What to work on
In the entries below, begin at the line that has "Neue Ware Kompressor", stop after the line that has "Женская двухслойная Вязаная", and output those lines exactly with no pictures.

Data provided
__________

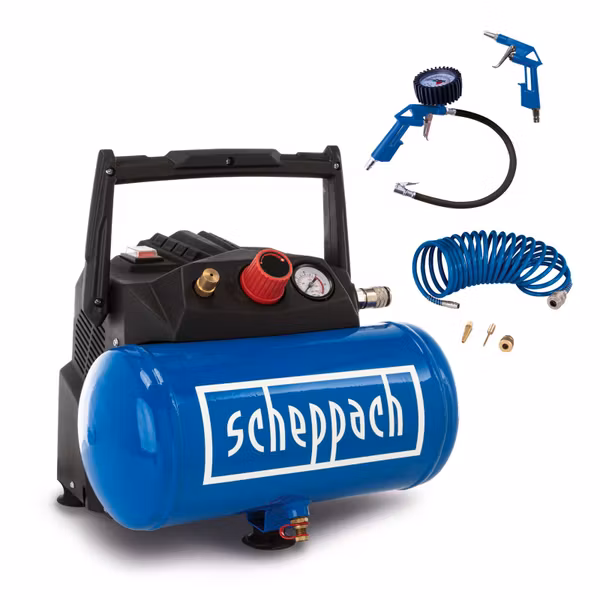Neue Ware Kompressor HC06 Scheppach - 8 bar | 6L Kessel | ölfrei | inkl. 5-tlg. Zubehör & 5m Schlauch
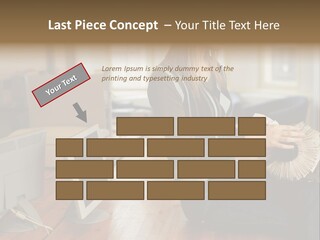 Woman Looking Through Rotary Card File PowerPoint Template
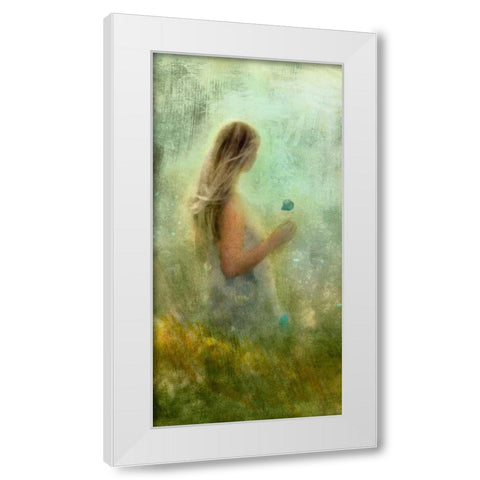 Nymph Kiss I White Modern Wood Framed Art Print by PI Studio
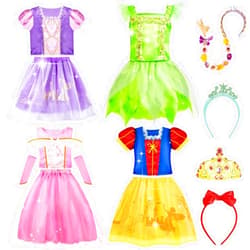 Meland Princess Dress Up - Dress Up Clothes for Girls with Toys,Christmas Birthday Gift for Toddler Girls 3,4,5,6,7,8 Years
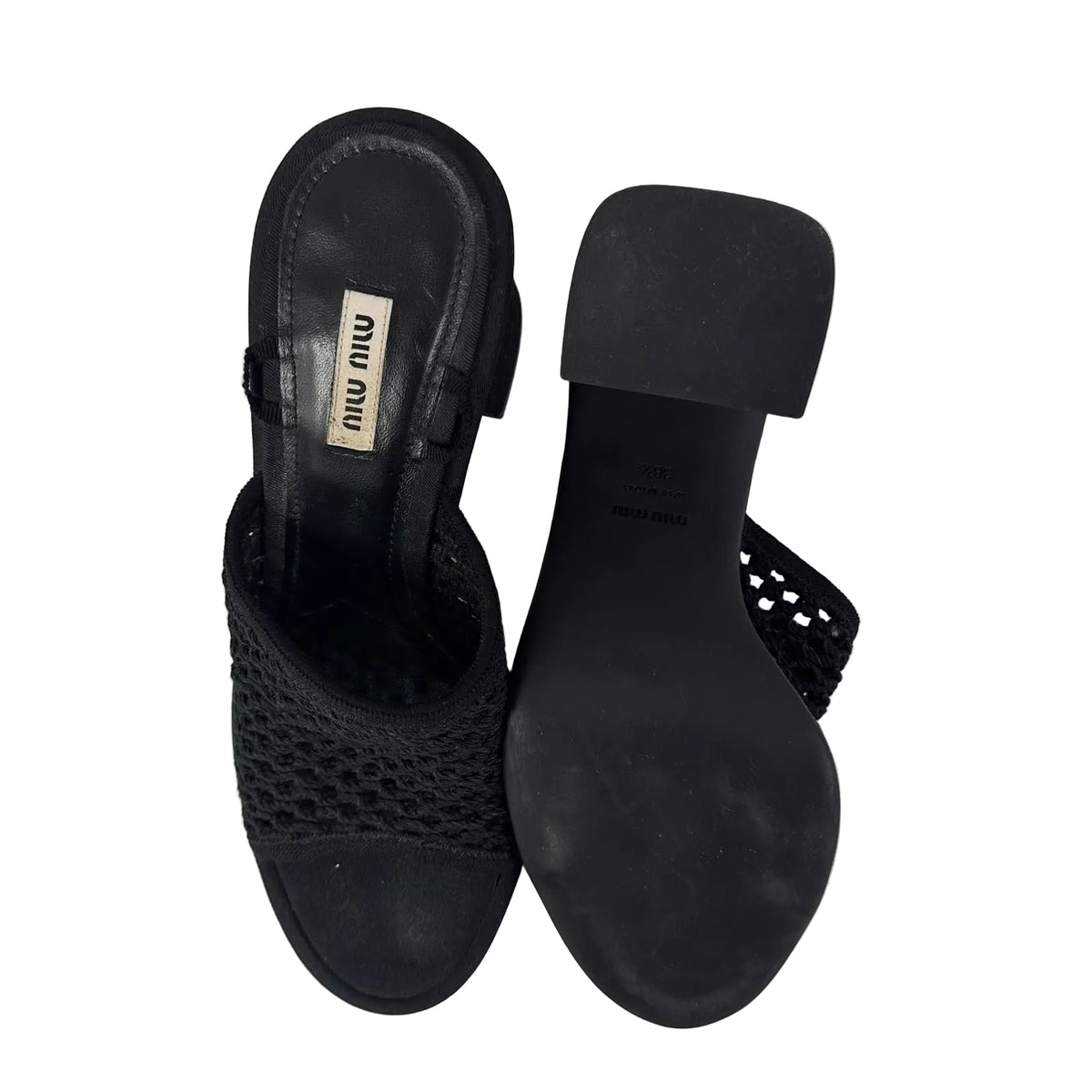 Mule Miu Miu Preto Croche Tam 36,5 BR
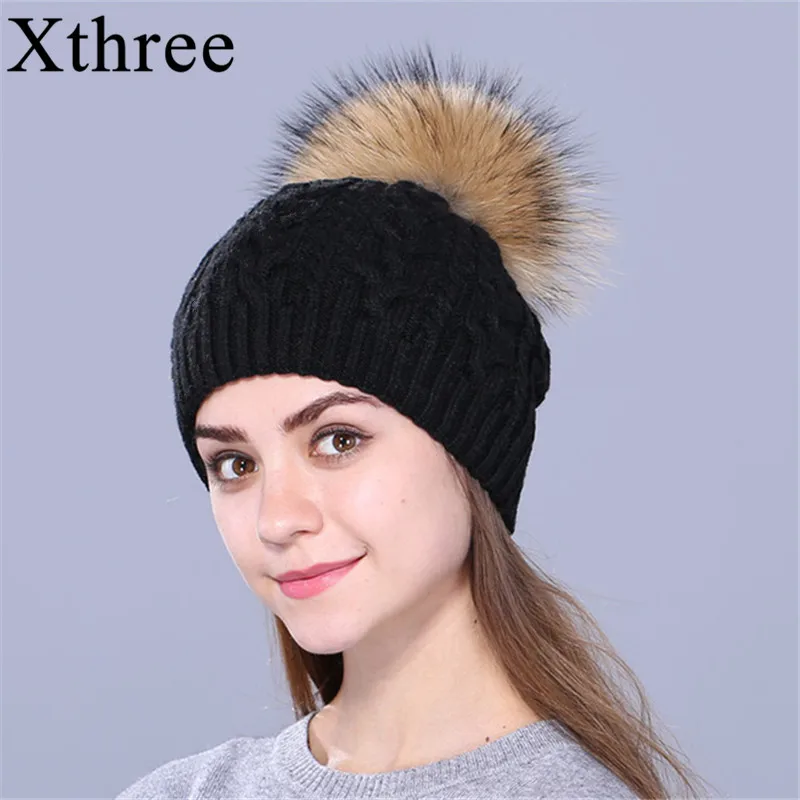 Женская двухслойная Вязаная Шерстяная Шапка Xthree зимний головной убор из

__________

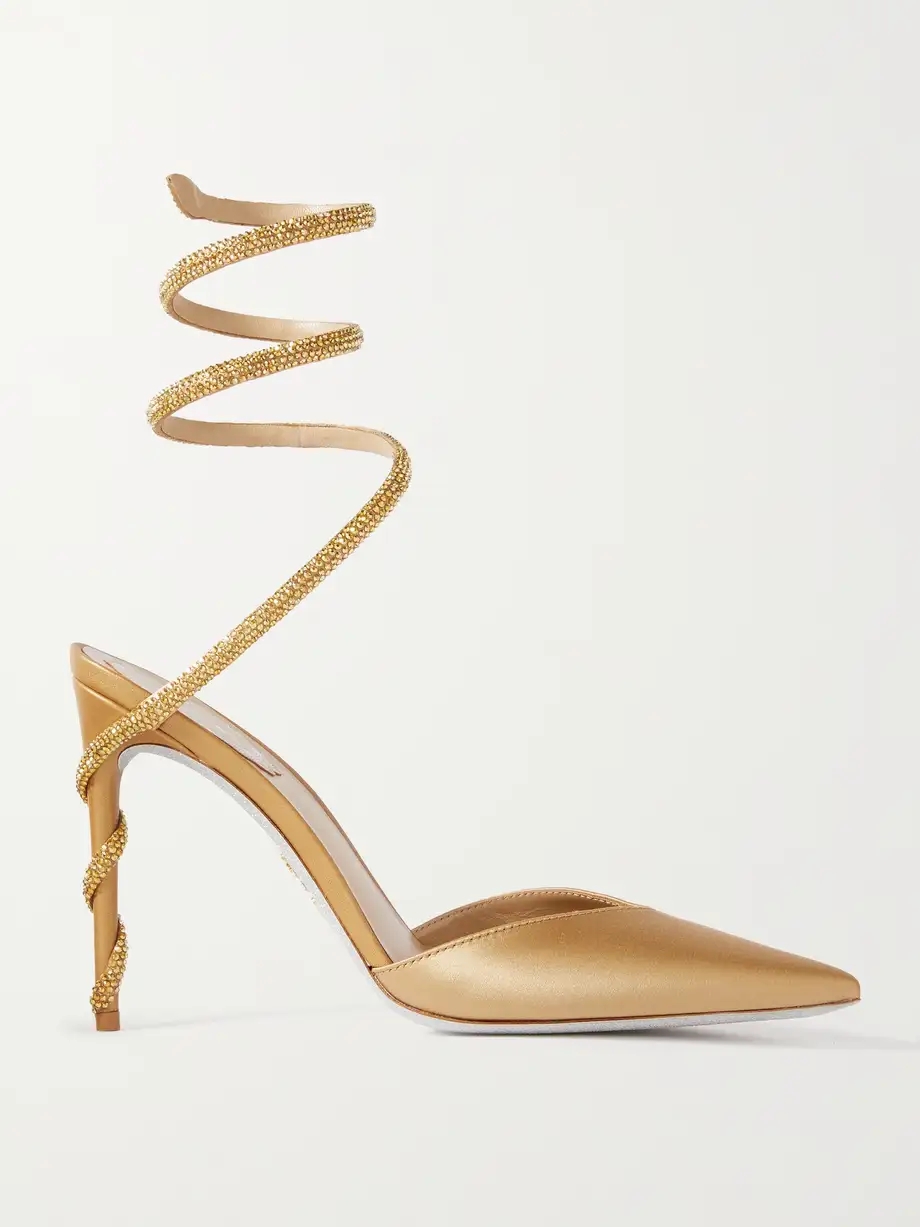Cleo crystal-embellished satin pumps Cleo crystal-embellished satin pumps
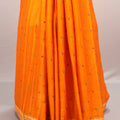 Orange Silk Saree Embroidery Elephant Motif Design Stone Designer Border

__________

Response to this exercise
Neue Ware Kompressor HC06 Scheppach - 8 bar | 6L Kessel | ölfrei | inkl. 5-tlg. Zubehör & 5m Schlauch
 Woman Looking Through Rotary Card File PowerPoint Template
 Nymph Kiss I White Modern Wood Framed Art Print by PI Studio
 Meland Princess Dress Up - Dress Up Clothes for Girls with Toys,Christmas Birthday Gift for Toddler Girls 3,4,5,6,7,8 Years
 Mule Miu Miu Preto Croche Tam 36,5 BR
 Женская двухслойная Вязаная Шерстяная Шапка Xthree зимний головной убор из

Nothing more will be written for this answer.